*** Records for processing Section Begins ***

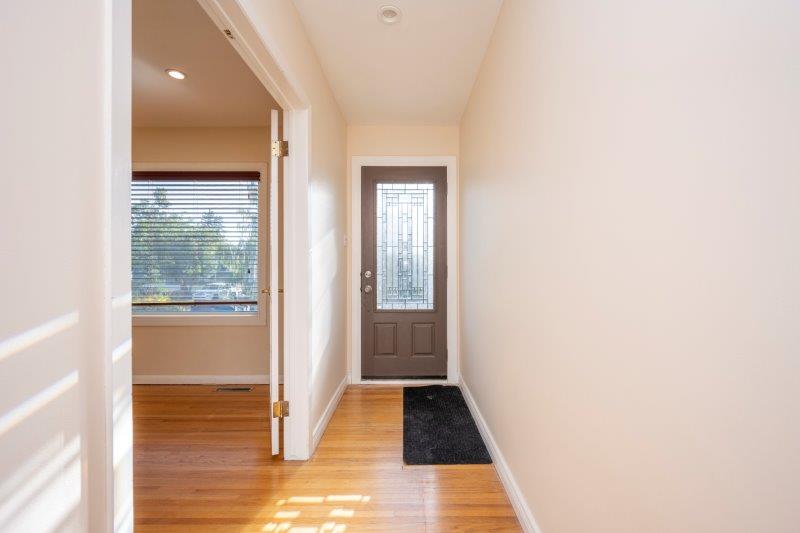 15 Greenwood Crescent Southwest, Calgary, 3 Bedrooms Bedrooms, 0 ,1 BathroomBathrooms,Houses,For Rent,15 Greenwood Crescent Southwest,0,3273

*** Records for processing Section Ends ***
*** Records for processing Section Begins ***

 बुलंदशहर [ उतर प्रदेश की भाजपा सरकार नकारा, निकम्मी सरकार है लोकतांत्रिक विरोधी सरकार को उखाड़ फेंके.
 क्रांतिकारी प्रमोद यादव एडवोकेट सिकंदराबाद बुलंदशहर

*** Records for processing Section Ends ***

* Exercise: Print only what lies in the material above starting at the line with "बुलंदशहर [ उतर" and ending at the line with "क्रांतिकारी प्रमोद यादव", every line exactly as given.

* Solution below:
 बुलंदशहर [ उतर प्रदेश की भाजपा सरकार नकारा, निकम्मी सरकार है लोकतांत्रिक विरोधी सरकार को उखाड़ फेंके.
 क्रांतिकारी प्रमोद यादव एडवोकेट सिकंदराबाद बुलंदशहर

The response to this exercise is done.